Tak Ada Uang Kerohiman Buat Pemilik Bangunan Liar
Namun, ia mengaku sebelum dibongkar, barang dagangannya sudah diangkut terlebih dahulu.
Editor: Hendra Gunawan
Laporan Wartawan Warta Kota, Panji Baskhara Ramadhan
TRIBUNNEWS.COM, JAKARTA -- Suhartini (50) warga Kartini VIII ini pasrah, bangunan yang digunakan untuk usaha makanan dibongkar. Namun, ia mengaku sebelum dibongkar, barang dagangannya sudah diangkut terlebih dahulu.
"Barang saya kaya piring, meja, kursi, etalase diangkut dulu, taro dirumahku. Deket sini juga kok. Cuman saya rugi toh mas. Saya bangun warteg saya sampe 12 jutaan lebih kalau diitung. Kan permanen juga gak kaya gubuk, eh di bongkar juga," ucap lirih Suhartini saat meratapi bangunan usahanya rubuh oleh alat berat milik petugas.
Ia mengaku sudah 10 tahun berdagang makanan jadi (Warteg) di Jalan Kartini VIII. Bahkan banyak pelanggannya yang sering makan di warungnya. "Pelanggan ada terus. Rame. Kadang tukang ojek. Kadang orang sini kalau sarapan pagi belinya di sini. Tapi yasudahlah, ikutin kata pemerintah aja," ucapnya pasrah.
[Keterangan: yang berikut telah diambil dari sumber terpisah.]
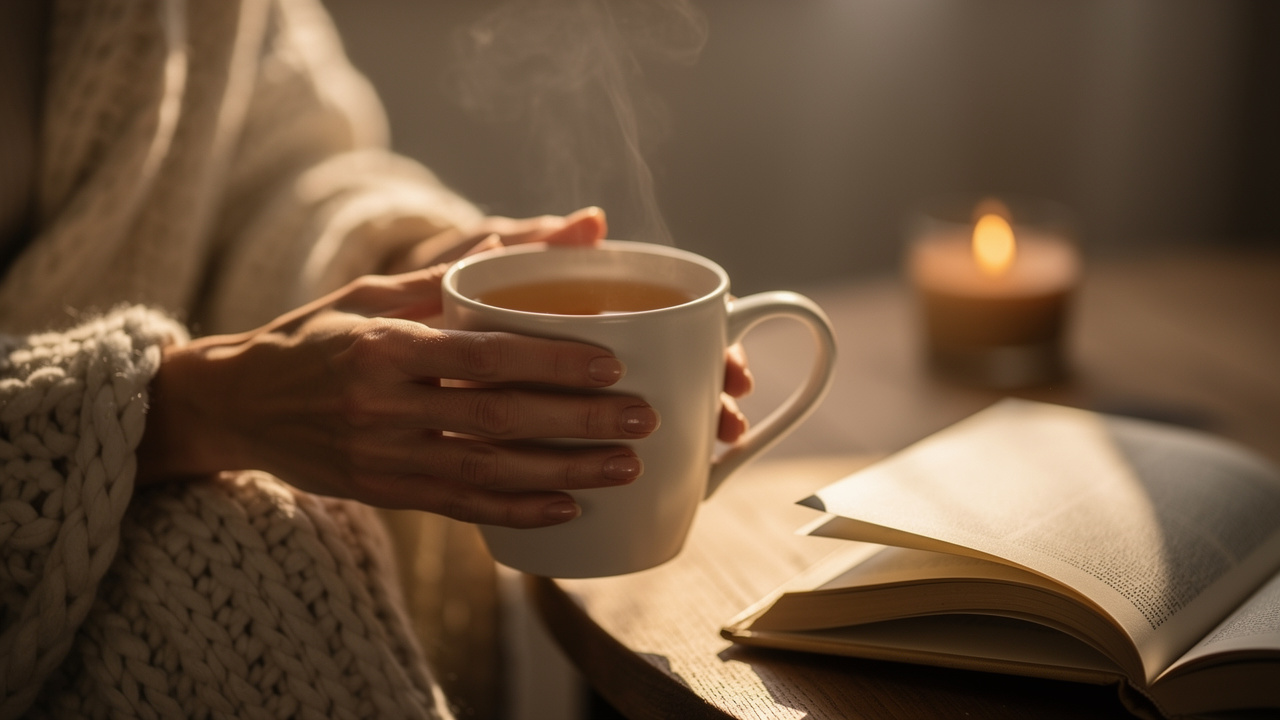 Hands holding warm tea during evening relaxation ritual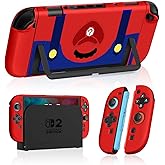 Gurgitat Dockable Case for Nintendo Switch 2 - Cute Cool Cartoon Design Soft TPU Grip Cover for Joy-Con Red MLA PC for Switch 2 Protective Case 2025 for Boys Teens Girls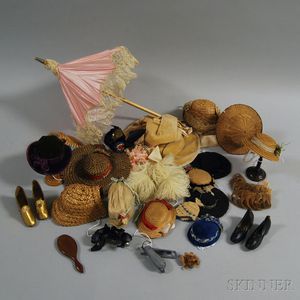 Small Group of Doll Hats and Accessories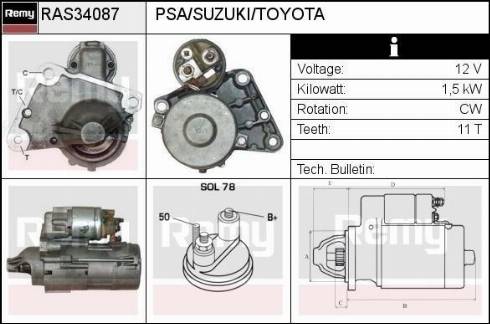 Remy RAS34087 - Стартер autosila-amz.com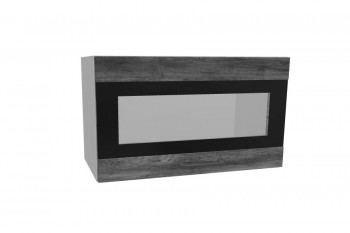 Лофт ПГСФ 600 шкаф верхний горизонтальный со стеклом и фотопечатью (Дуб бурый/корпус Серый) в Большой Ирбе - bolshaya-irba.mebel54.com | фото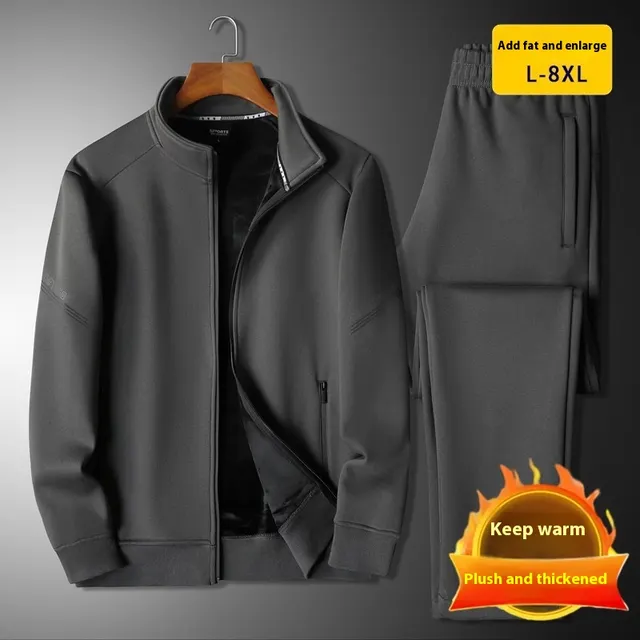 Plus sized Plus sized Sports Suit Thickened Fleece lined Warm Velvet Gray - Shop at LoveMi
Suhartini berharap, Pemerintah DKI Jakarta dapat memberikan biaya pengganti atau uang kerohiman. Namun, dirinya yakin tak akan ada uang pengganti. "Mana mau mas pemerintah ngasih biaya pengganti. Boro-boro itu mah. Tapi kalau ada tak apalah. Kita mau usaha apa lagi. Bingung," ujarnya.
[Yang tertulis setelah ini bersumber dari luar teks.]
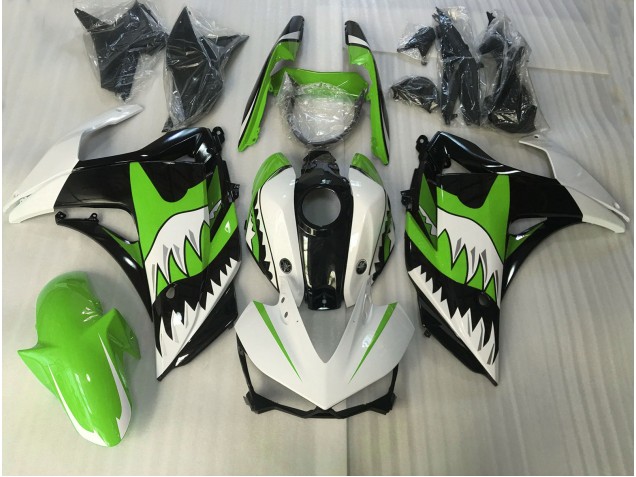 2015-2018 Lime Green and White Shark Yamaha R3 Motorcycle Fairing 2015-2018 Lime Green and White Shark Yamaha R3 Motorcycle Fairing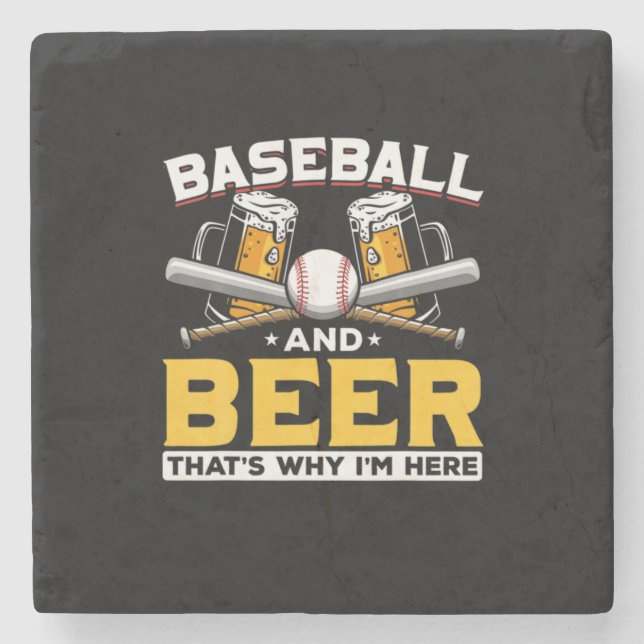Bier Drinker Baseball Bier Spaß Geburtstag Steinuntersetzer (Vorderseite)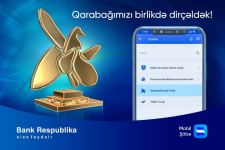 Банк Республика создал возможность перечисления средств в «Фонд Возрождения Карабаха» через приложение Mobil Şöbə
Namun, keluhan Suhartini ditanggapi ketus oleh Camat Sawah Besar, Henri Perez. Menurutnya tak ada biaya pengganti terhadap bangunan liar yang berdiri di atas saluran air yang kini sudah dibongkar petugas.
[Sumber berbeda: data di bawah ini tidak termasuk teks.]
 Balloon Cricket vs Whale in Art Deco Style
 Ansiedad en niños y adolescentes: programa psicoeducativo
"Mana ada yang seperti itu (uang kerohiman). Gak ada itu. Gak ada. Saya tegaskan, tidak ada relokasi atau pindah tempat untuk mereka, apalagi uang kerohiman. Ingat, bangunan mereka sudah mempersendat aliran air di saluran air. Pihak warga pun ataupun pihak Pemkot Kota atau petugas kebersihan lainnya, pastinya kesulitan membersihkan saluran air. Makanya kita bongkar," tegas Henri.